Monday, 10 June 2013

Golden Agri-Resources

OCBC on 10 June 2013

Golden Agri-Resources (GAR), being one of the largest palm oil plantation owners in the world, should benefit from the recent rebound in CPO (crude palm oil) prices to MYR2450/ton; we note that there is a strong historical correlation of nearly 0.78 between CPO prices and GAR share price. While the general outlook for commodities is still uncertain (as China’s economic growth continues to sputter along), we believe that headwinds appear to be dissipating. Furthermore, management remains fairly upbeat about its prospects as it continues to expand its integrated operation capabilities to benefit from the firm industry outlook. Maintain BUY with an unchanged S$0.63 fair value (based on 12.5x FY13F EPS).

Modest uptick in CPO prices
Golden Agri-Resources (GAR), being one of the largest palm oil plantation owners in the world, should benefit from the recent rebound in CPO (crude palm oil) prices to MYR2450/ton; this from a recent low of MYR2200/ton, buoyed by expectations of a potential fall in the CPO stockpiles in both Malaysia and Indonesia due to the upcoming Muslim holiday. 

Inventory already easing in 1Q13
Recall that GAR has already seen a sharp drop in its inventory in 1Q13, which fell by 122k tonnes to 398k tonnes by end-Mar. Management had also previously guided for the inventory overhang to clear by end 1H13 to around its usual holdings of about 320k tonnes. Management also noted that there appears to have been a substantial decline in inventories across the palm oil industry in Indonesia; it further believes that this will eventually be reflected in higher CPO prices down the road. 

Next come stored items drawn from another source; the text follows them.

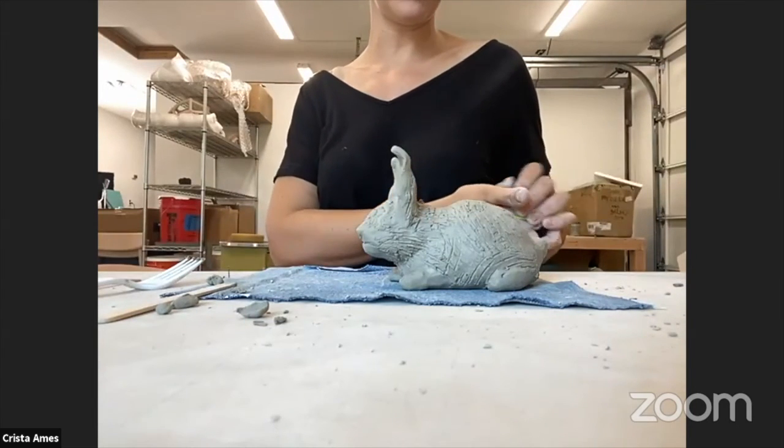Thank you so much for being a part of Gallery One's Art to Go. I can't wait to see the bunny that you made. Come in and drop it off on the greenware-to-be-fired shelf. I will put it in the kiln and fire it once, then look at your number on the bottom and apply whatever glaze you chose — or no glaze — and fire it a second time. Thank you so much, I hope you're enjoying your day, and I will hopefully see you sometime at Gallery One. Bye!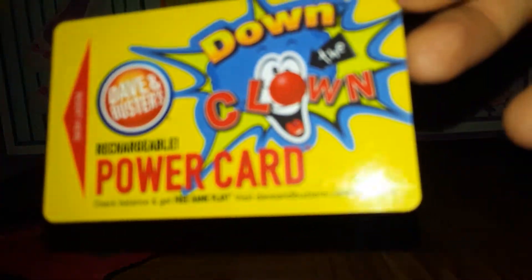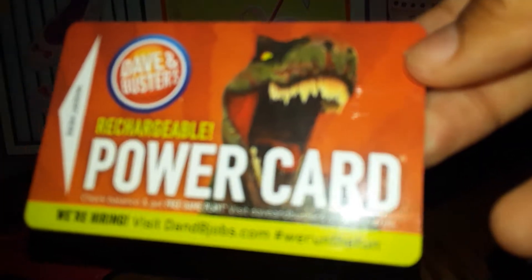In here I have a Dave and Buster's card, and another Dave and Buster's card. It's Jurassic World. And then yeah, that's it for what's in my purse.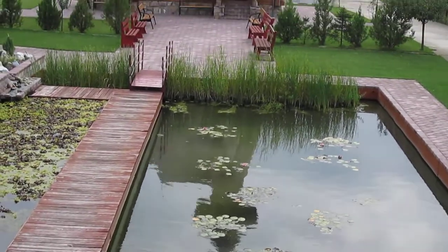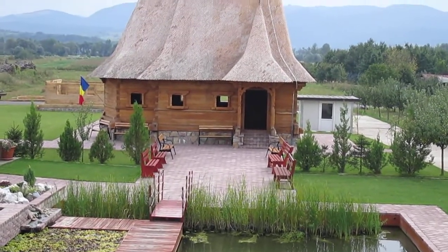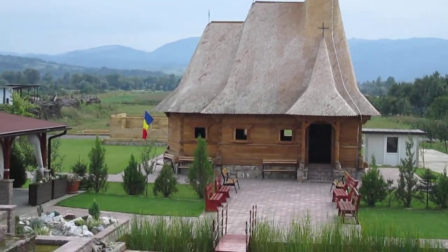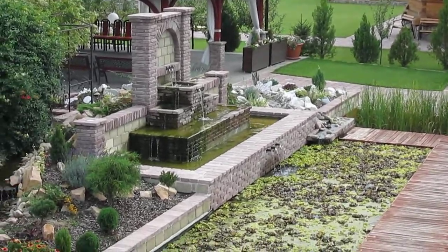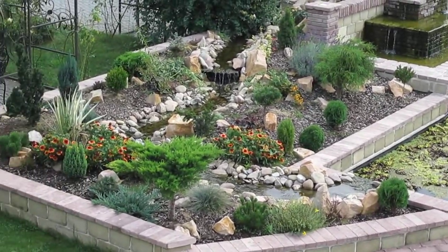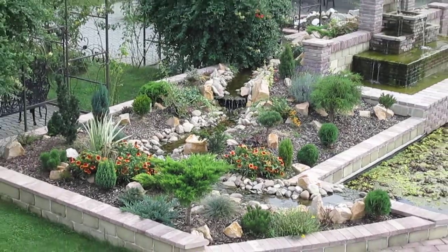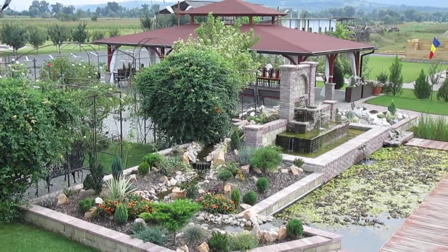I'll cut it down and cut it off. This is the freshness. I'm going to use it to make a few other recipes.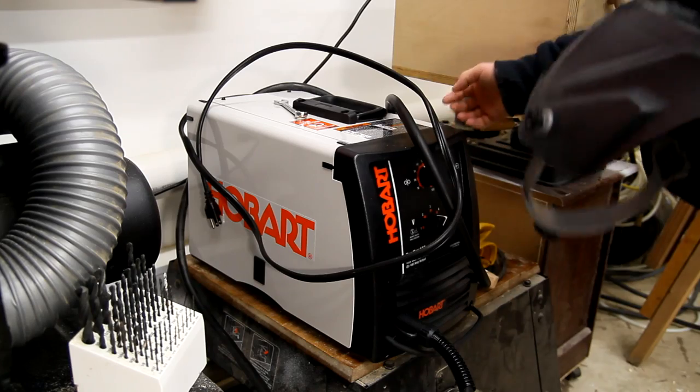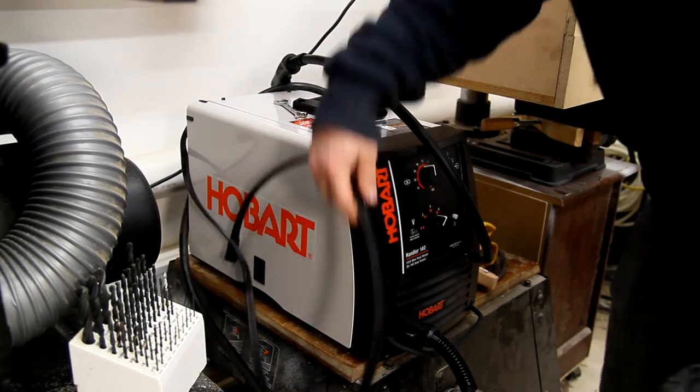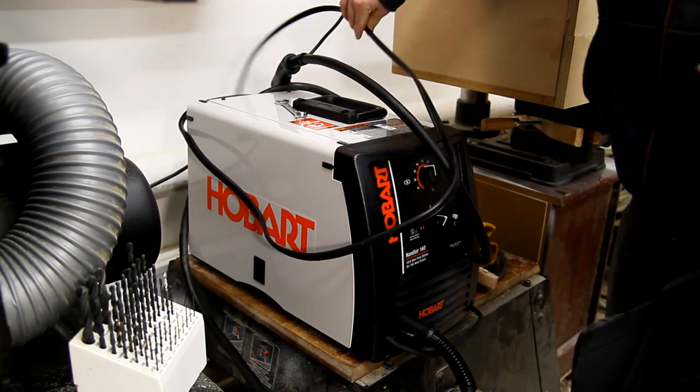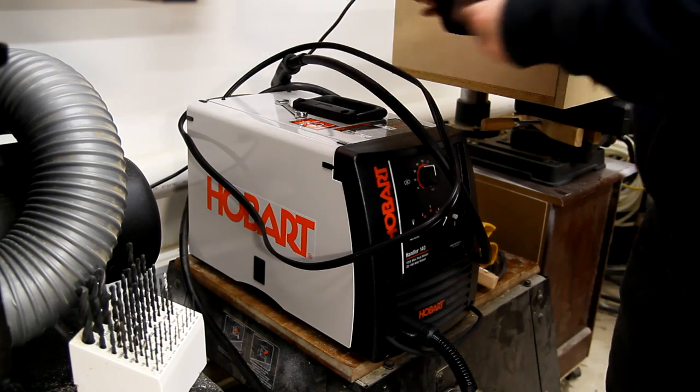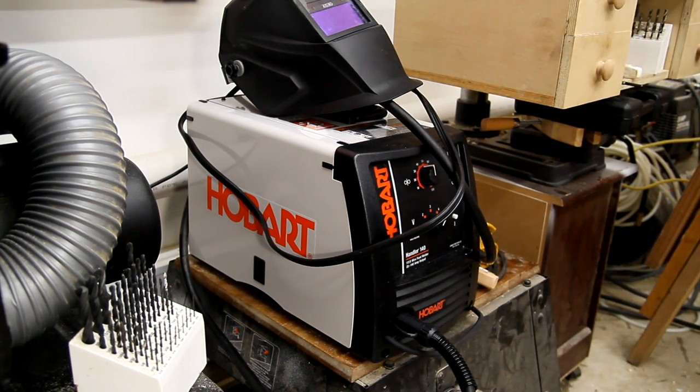Last Wednesday I went and picked up a welder — a Hobart Handler 140, 120-volt MIG welder. You can use it with gas or without gas. I've been using flux core with it because I don't necessarily know if I'm going to be using it enough to justify the cost of the gas bottle. I know you get better results using gas as opposed to no gas, but I'm just playing around this past week and I'm okay with using the flux core.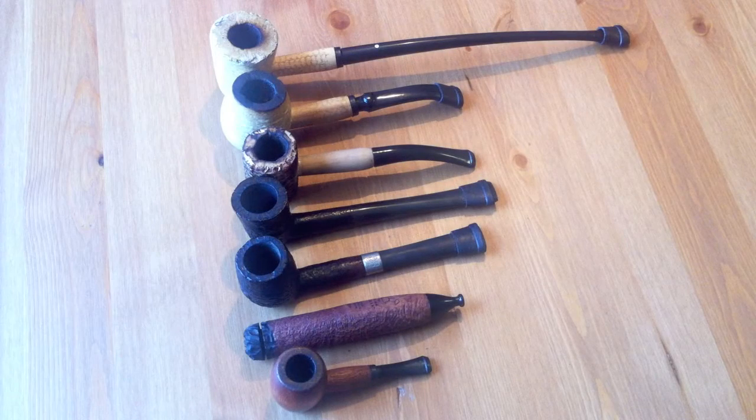James here from Asagareviews, and this is just a quick video for some of you guys who are interested in my pipe collection. I know one or two people asked, and really this is it. It's not much, it's not great, but it works for me.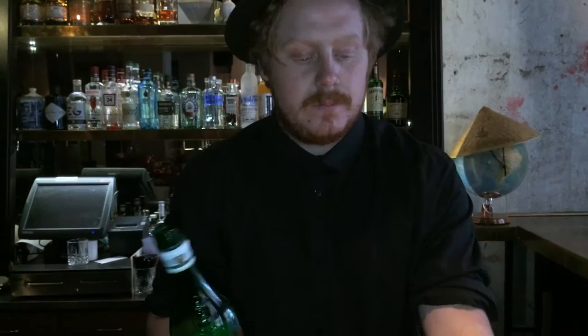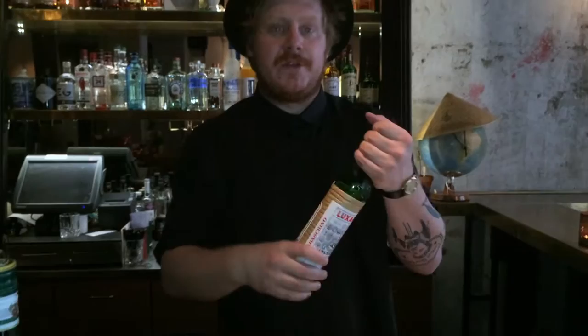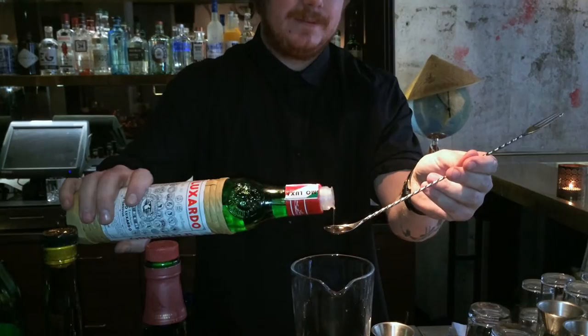We continue with some Carbano Bianco, 10ml of that. And we finish with a bar spoon of the Luxardo.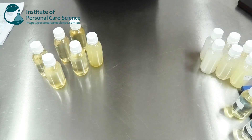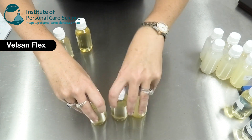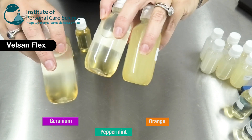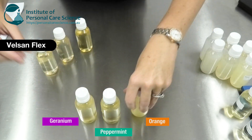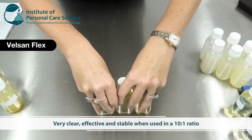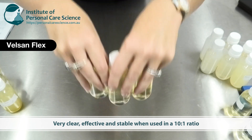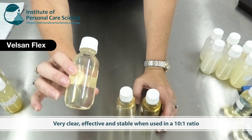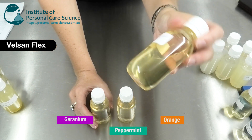The other material I looked at was Vilsanne Flex. Again I started with a 5-to-1 ratio and you can see there is some residue at the bottom — it did not solubilize totally. But when I altered that ratio to a 10-to-1 I got beautiful clear solutions. So if you want really clear end results, the Vilsanne Flex performed exceptionally well at a 10-to-1 ratio.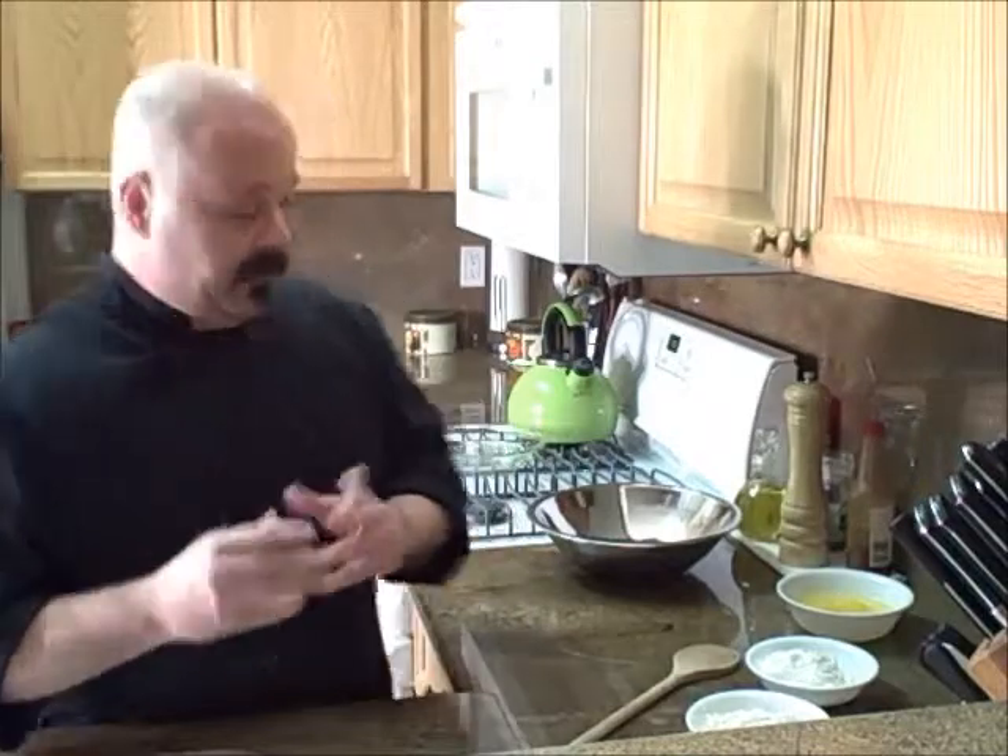Most of you have done quiche before and maybe some of you haven't. This is done without a crust. It will be golden brown and it will be really delicious. I've got 15 minutes to show it to you. So let's get it on — it's very simple, very few ingredients. Here we go.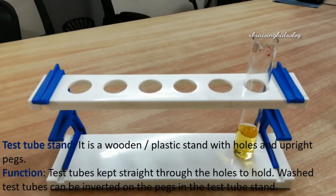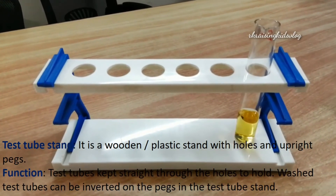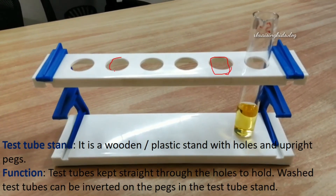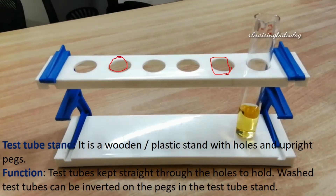Next, we'll know about the test tube stand. It is a wooden or plastic stand with holes and upright pegs. The holes are used for holding the test tubes — test tubes are kept straight through the holes. Washed or cleaned test tubes can be inverted on the pegs with the open end facing down and the closed end up, so that water runs down out of the tube.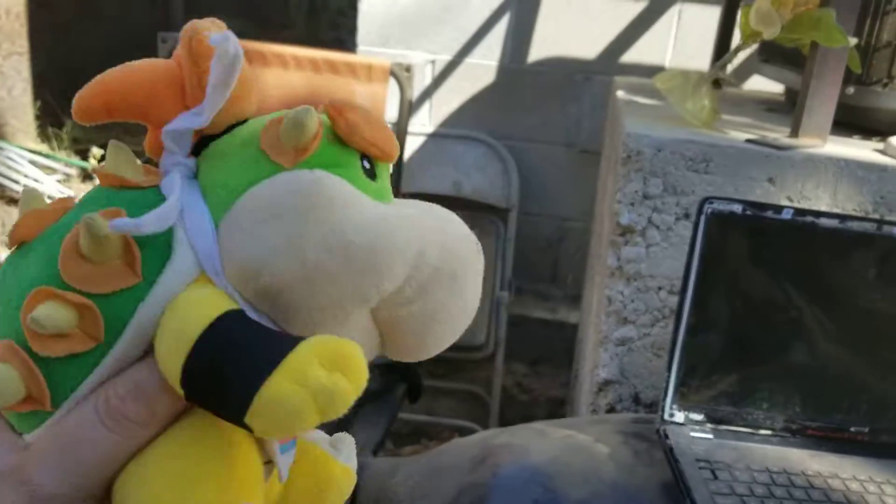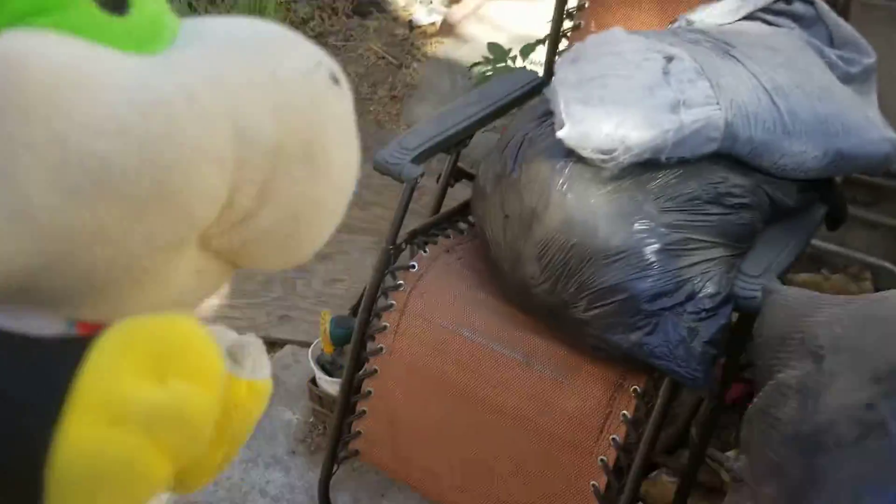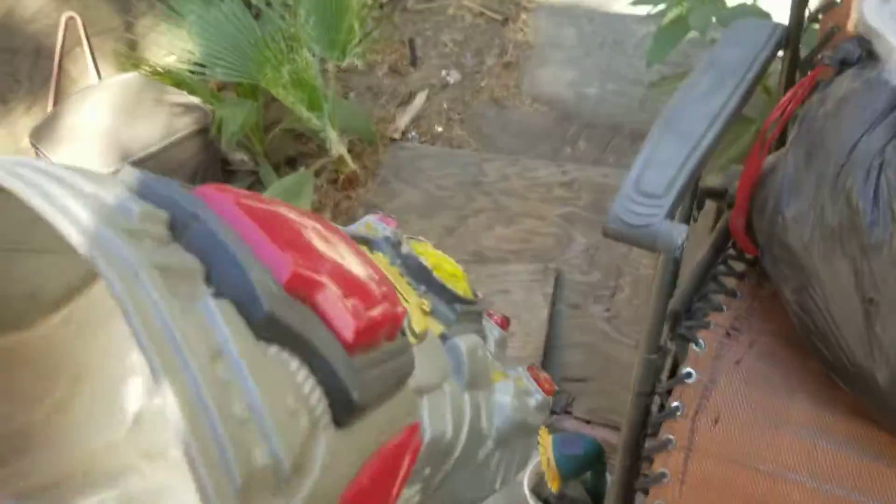Hey guys! Welcome back to Junior Review Channel. So today we're going to review this awesome toy we have. It's pretty epic.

Strong correlation between CPO prices and GAR share price
And because of the strong historical correlation of nearly 0.78 between CPO prices and GAR share price, we believe that a continued recovery in CPO prices should also lead to a corresponding rise in GAR share price. 

Maintain BUY with unchanged S$0.63 fair value
While the general outlook for commodities is still uncertain (as China’s economic growth continues to sputter along), we believe that headwinds appear to be dissipating. In 1Q13, its China operations had put in a much improved performance, turning in net profit of US$6m, compared to loss of US$23m in 4Q12, which GAR attributed to the result of a strengthening of the management team. Furthermore, management remains fairly upbeat about its prospects as it continues to expand its integrated operation capabilities to benefit from the firm industry outlook. Maintain BUY with an unchanged S$0.63 fair value (based on 12.5x FY13F EPS).